**The task:** The entries that follow need to be retyped verbatim.

**Source records:**

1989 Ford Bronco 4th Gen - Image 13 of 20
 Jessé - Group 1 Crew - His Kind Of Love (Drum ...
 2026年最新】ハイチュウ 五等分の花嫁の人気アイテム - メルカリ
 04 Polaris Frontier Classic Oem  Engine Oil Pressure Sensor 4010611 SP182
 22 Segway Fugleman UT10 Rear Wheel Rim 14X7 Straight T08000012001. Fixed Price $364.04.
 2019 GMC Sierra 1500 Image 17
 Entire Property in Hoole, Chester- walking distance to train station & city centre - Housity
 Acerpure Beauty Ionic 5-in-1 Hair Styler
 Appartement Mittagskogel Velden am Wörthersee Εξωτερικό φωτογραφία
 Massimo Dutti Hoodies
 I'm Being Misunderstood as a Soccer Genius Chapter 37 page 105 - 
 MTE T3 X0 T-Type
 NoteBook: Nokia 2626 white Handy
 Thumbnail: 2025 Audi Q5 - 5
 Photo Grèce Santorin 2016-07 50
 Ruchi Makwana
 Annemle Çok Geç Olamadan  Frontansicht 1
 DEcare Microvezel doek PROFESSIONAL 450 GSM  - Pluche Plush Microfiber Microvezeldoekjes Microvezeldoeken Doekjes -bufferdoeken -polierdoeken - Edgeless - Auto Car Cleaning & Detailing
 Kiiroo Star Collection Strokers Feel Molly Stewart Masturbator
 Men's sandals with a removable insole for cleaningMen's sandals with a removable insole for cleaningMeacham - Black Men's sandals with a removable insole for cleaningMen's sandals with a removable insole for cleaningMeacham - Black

**Exercise output:**
1989 Ford Bronco 4th Gen - Image 13 of 20
 Jessé - Group 1 Crew - His Kind Of Love (Drum ...
 2026年最新】ハイチュウ 五等分の花嫁の人気アイテム - メルカリ
 04 Polaris Frontier Classic Oem  Engine Oil Pressure Sensor 4010611 SP182
 22 Segway Fugleman UT10 Rear Wheel Rim 14X7 Straight T08000012001. Fixed Price $364.04.
 2019 GMC Sierra 1500 Image 17
 Entire Property in Hoole, Chester- walking distance to train station & city centre - Housity
 Acerpure Beauty Ionic 5-in-1 Hair Styler
 Appartement Mittagskogel Velden am Wörthersee Εξωτερικό φωτογραφία
 Massimo Dutti Hoodies
 I'm Being Misunderstood as a Soccer Genius Chapter 37 page 105 - 
 MTE T3 X0 T-Type
 NoteBook: Nokia 2626 white Handy
 Thumbnail: 2025 Audi Q5 - 5
 Photo Grèce Santorin 2016-07 50
 Ruchi Makwana
 Annemle Çok Geç Olamadan  Frontansicht 1
 DEcare Microvezel doek PROFESSIONAL 450 GSM  - Pluche Plush Microfiber Microvezeldoekjes Microvezeldoeken Doekjes -bufferdoeken -polierdoeken - Edgeless - Auto Car Cleaning & Detailing
 Kiiroo Star Collection Strokers Feel Molly Stewart Masturbator
 Men's sandals with a removable insole for cleaningMen's sandals with a removable insole for cleaningMeacham - Black Men's sandals with a removable insole for cleaningMen's sandals with a removable insole for cleaningMeacham - Black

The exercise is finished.